The idea, plain and simple, that colour photography is vulgar and that black and white is artistic looks very dated these days. After all there is some great colour photography around - though maybe the best homes in on colour itself: Saul Leiter, say, or Harry Gruyaert or Ernst Haas. The stew gets a bit thick, for my taste anyway, when we have to get both the colour and the content on board. ( I saw an exhibition of a very well known colour photographer a year or two ago at the National Portrait Gallery and just could not get a foothold. Can’t say who obviously – well, okay, William Eggleston. My eyes just kept sliding off the photos.)
De gustibus non est disputandum, then? (When I was a lawyer I eventually realised why no one translates the latin maxims that the law is so fond of. It’s because there is no agreement about what they mean in English, and therefore how to apply them. They are the dark matter of the courtroom, little black holes which suck in the unwary.) Is it simply a matter of personal taste? Ernst Gombrich”** has another suggestion. It goes something like this.
Everyone knows, when they look at a black and white photograph that there is no black and white world out there. It is a transformation of the world we see into monochrome tones. In that sense it is a full code which we learn to interpret by separating the code from the content. Colour photography on the other hand tends to persuade us that it is an accurate image of what exists out there. Yet some of its colours may be quite accurate when others are not. A comparison of the same shot from any two different models of camera or any two types of film soon shows that because they vary so much. So that makes it a partial code. This creates confusion because we do not know what is real and what is not: we cannot separate the code from the content. So it is more a matter of communication than of art. An analogy which often occurs to me is that black and white is to colour as radio is to television. Your imagination has to work harder with black and white/radio. It requires more effort but in the end is more satisfying.
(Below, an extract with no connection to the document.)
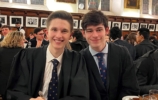 two young men smiling for the camera at a formal dinner in hall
Fool’s gold? With a computer you can adjust your image infinitely after the event. You need very little time or skill. Once you saw a scene and recorded it in a photograph. Now you take a photograph and can decide later what to record: monochrome or colour It’s not the same thing at all. Process is reversed. The discipline is gone.
O tempus, O mores.
* Photography: A Cultural History. Laurence King Publishing 2002. See the section on colour photography in Chapter Six.
** Ernst Gombrich: The Visual Image: Its Place In Communication. From The Essential Gombrich, Phaidon 1996. I’ve paraphrased - perhaps to the point of distortion.